In conditions favourable for seamers, a role of a spinner is usually underestimated. Even on a lush green surface, a spinner can make a huge impact. The team that has a more accurate spinner have an advantage. He can maintain a tight line and squeeze the flow of runs from his end, which will not only allow the rotation of bowlers effectively but also provide rest to the front liners.
Australia won the toss and opted to bat first, South African seamers did well to get rid of the top-order after which, Steve Smith and Shaun Marsh were rebuilding. Maharaj broke Australia’s spine by getting rid of Smith for 56. The Australian skipper has a knack for scoring big and is also a very good player of spin. His dismissal brought South Africa back into the game and provided a big opportunity to pull things back. Maharaj followed it with the key wicket of Shaun Marsh and then cleaned up the Australian tail with his guile. Australia were derailed for 351 while Maharaj had five wickets under his belt.

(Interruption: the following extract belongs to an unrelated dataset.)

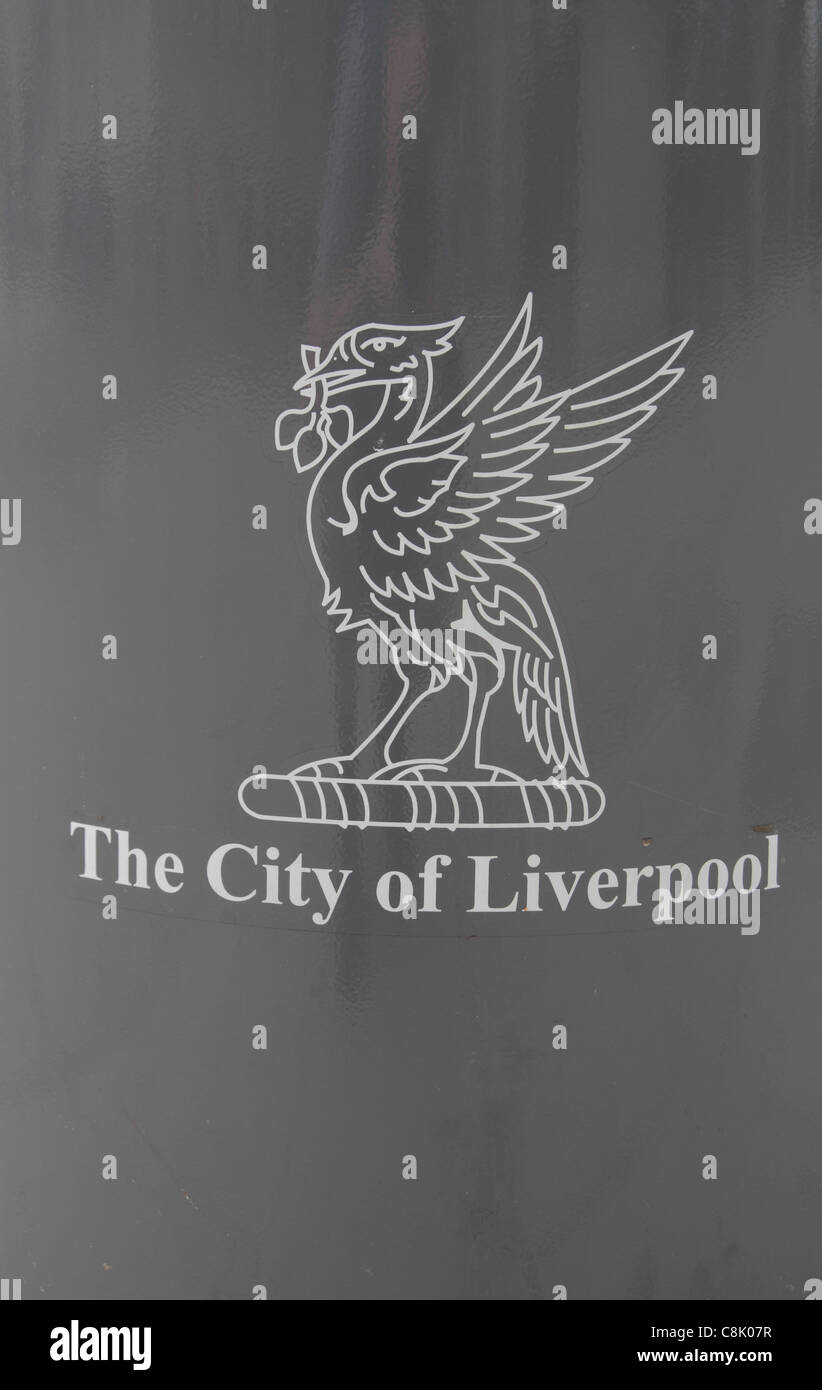 Die Stadt von Liverpool Leber Vogel-Emblem/Logo auf einem Lagerplatz in Liverpool, Großbritannien. Stockfoto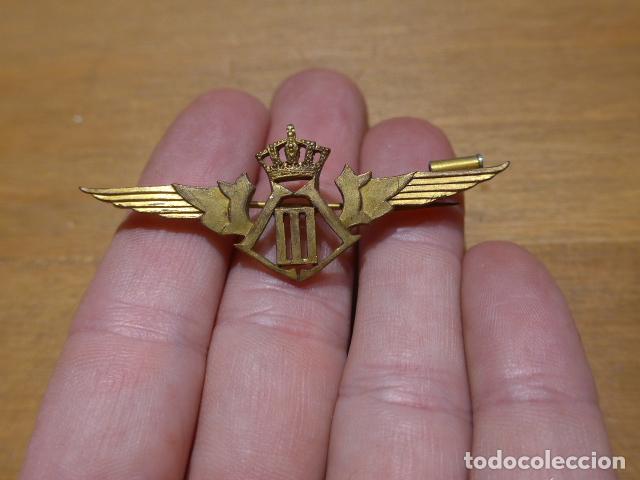 Militaria: Antigua insignia o emblema de piloto de aviacion belga original de la II Guerra Mundial, Belgica.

Maharaj is a silent assassin and does his job rather silently.Talking about Maharaj and Lyon, both the spinners are unique in their own way. Different styles of bowling, but consistency is always there. There is a huge difference in the amount of experience they both carry. Maharaj has 66 wickets at 26.54 from 17 Tests while Lyon has been the most successful offspinner from his country with 293 wickets at 31.78 from 75 games. Lyon definitely holds an upper hand, but Maharaj has shown a great promise and has been very impactful. The battle between the two will be the flavour of the season in my opinion.
Despite being more effective at Durban, Maharaj ended up on the losing side, mainly due to South Africa’s batting failure. Of course, it will be cruel to judge Lyon as the Australian seamers wreaked havoc, but Maharaj was outstanding in both the innings. He displayed some staggering accuracy and control in the first innings, which he has a knack for doing. He did make mistakes but was quick enough to rectify those.
Maharaj continued his good form in the second innings as well, picking 4 for 102. He bowled 29.4 overs in the second innings, after having bowled 33.4 overs in the first. South Africa may have lost the game, but there were certainly a lot of positives to take. The young blood is shaping well.
Maharaj does not attract a lot of attention and is hardly expressive – he does his work silently. Just 17 Tests old, he has shown the potential of developing into a world-class Test spinner. He is certainly the best in his country for now, but the upcoming matches will test his mettle and skills.
After losing the Durban campaign, the onus of making a comeback is now on South Africa. Maharaj’s heroics may have been camouflaged by Australia’s victory, but he will have more opportunities in the series to show what he is made of. He has the hunger and if South Africa opt to dish out slower tracks in the remainder of the series, Maharaj will surely pose a massive threat and challenge of a different kind.